JEDEC finalizes HBM4 memory standard with major bandwidth and efficiency upgrades

JEDEC has published the official HBM4 (High Bandwidth Memory 4) specification under JESD238, a new memory standard aimed at keeping up with the rapidly growing requirements of AI workloads, high-performance computing, and advanced data center environments. The new standard introduces architectural changes and interface upgrades that seek to improve memory bandwidth, capacity, and efficiency as data-intensive applications continue to evolve.

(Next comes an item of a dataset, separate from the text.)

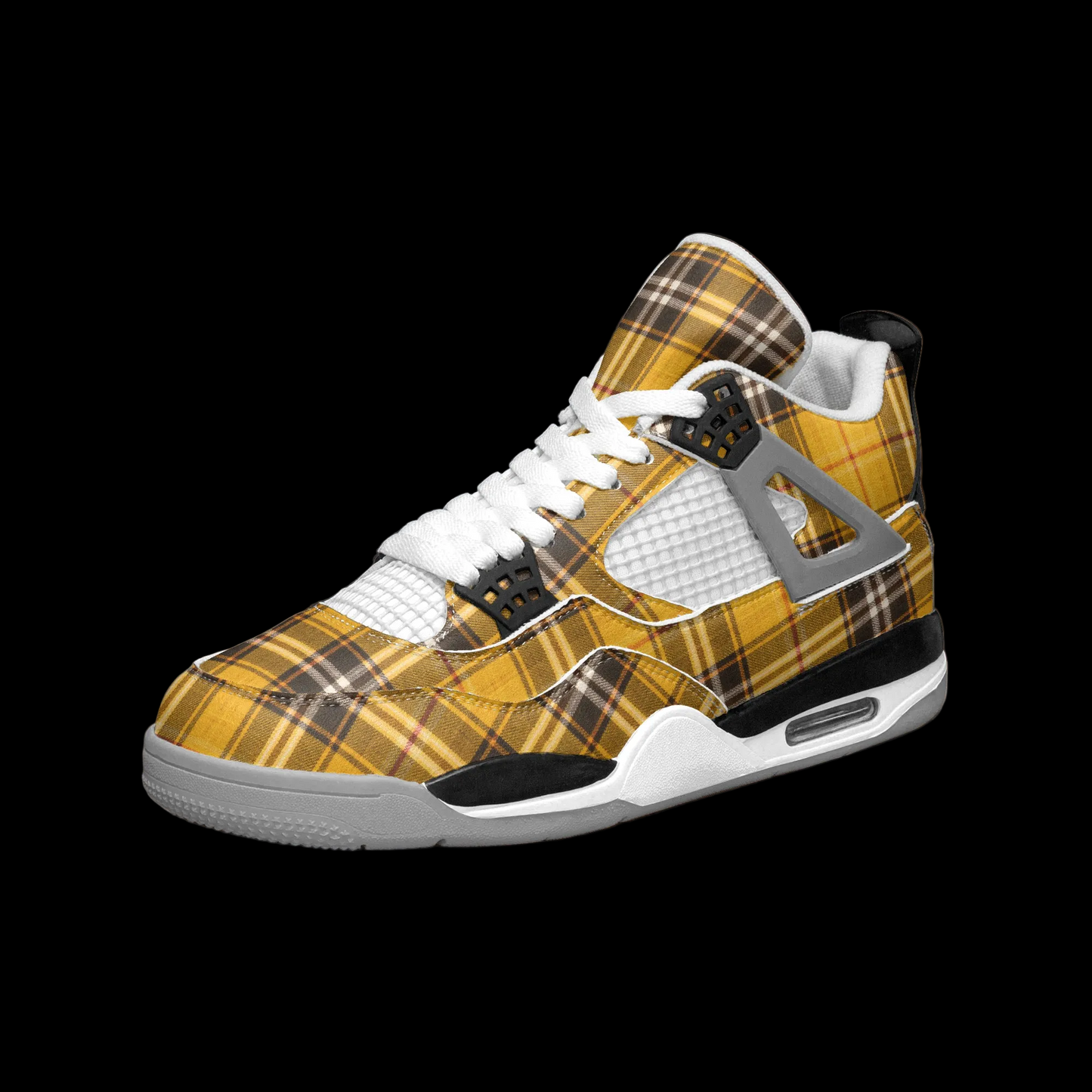Retro Air Cuatro Mustard Yellow Flannel Limited Edition High Top Sneakers – Close-Up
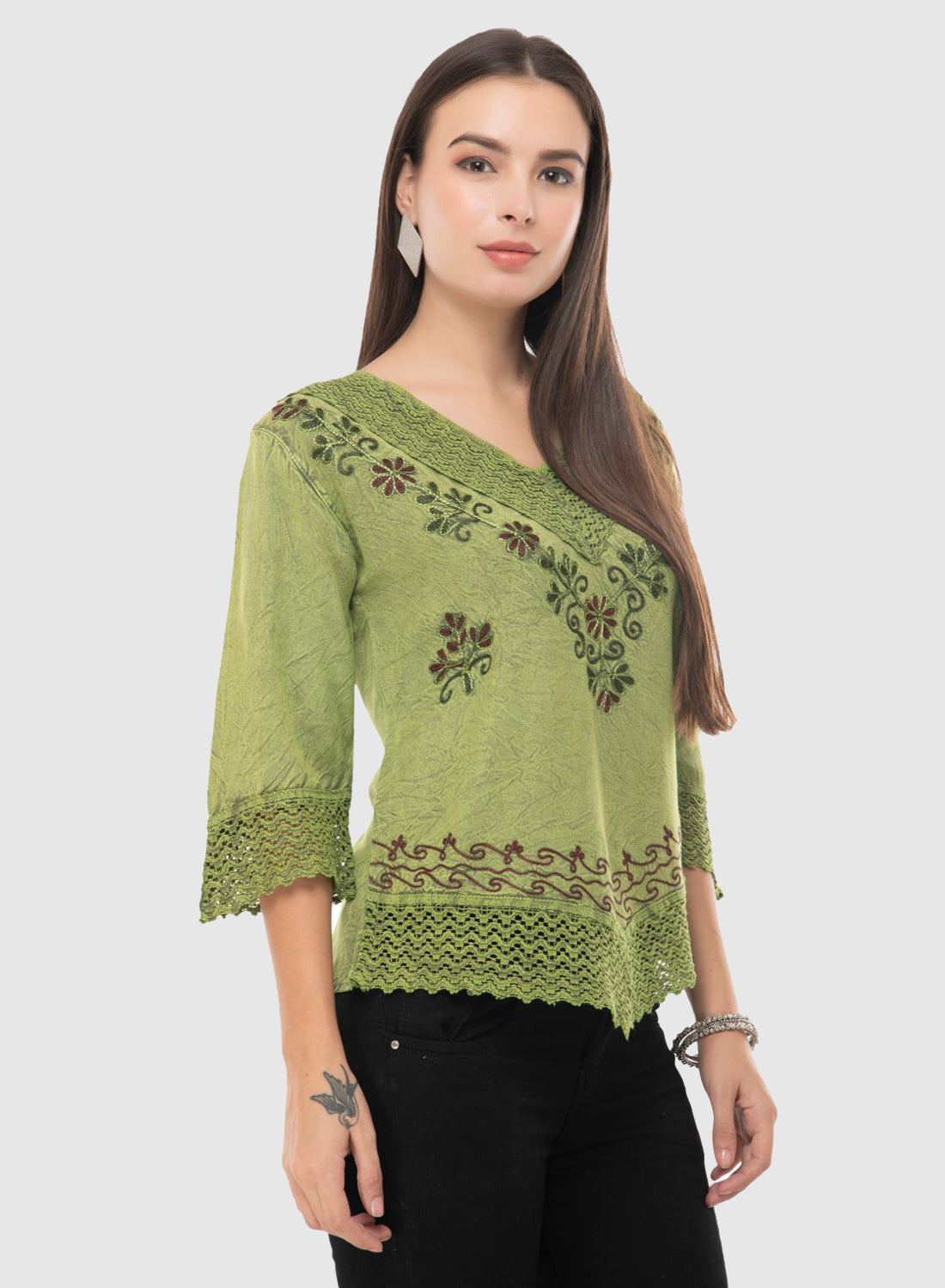 Women Top Green Casual Regular Fit 3/4 Sleeve Embroidery Work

HBM4 continues the use of vertically stacked DRAM dies, a hallmark of the HBM family, but brings a host of improvements over its predecessor, HBM3, with significant advancements in bandwidth, efficiency, and design flexibility. It supports transfer speeds of up to 8 Gb/s across a 2048-bit interface, delivering a total bandwidth of up to 2 TB/s. One of the key upgrades is the doubling of independent channels per stack—from 16 in HBM3 to 32 in HBM4—each now featuring two pseudo-channels. This expansion allows for greater access flexibility and parallelism in memory operations.

In terms of power efficiency, the JESD270-4 specification introduces support for a range of vendor-specific voltage levels, including VDDQ options of 0.7V, 0.75V, 0.8V, or 0.9V, and VDDC options of 1.0V or 1.05V. These adjustments are said to contribute to lower power consumption and improved energy efficiency across different system requirements. HBM4 also maintains compatibility with existing HBM3 controllers, enabling a single controller to operate with either memory standard. This backwards compatibility eases adoption and allows for more flexible system designs.

Additionally, HBM4 incorporates Directed Refresh Management (DRFM), which enhances row-hammer mitigation and supports stronger Reliability, Availability, and Serviceability (RAS) features. On the capacity front, HBM4 supports stack configurations ranging from 4-high to 16-high, with DRAM die densities of 24Gb or 32Gb. This allows for cube capacities as high as 64GB using 32Gb 16-high stacks, enabling higher memory density for demanding workloads.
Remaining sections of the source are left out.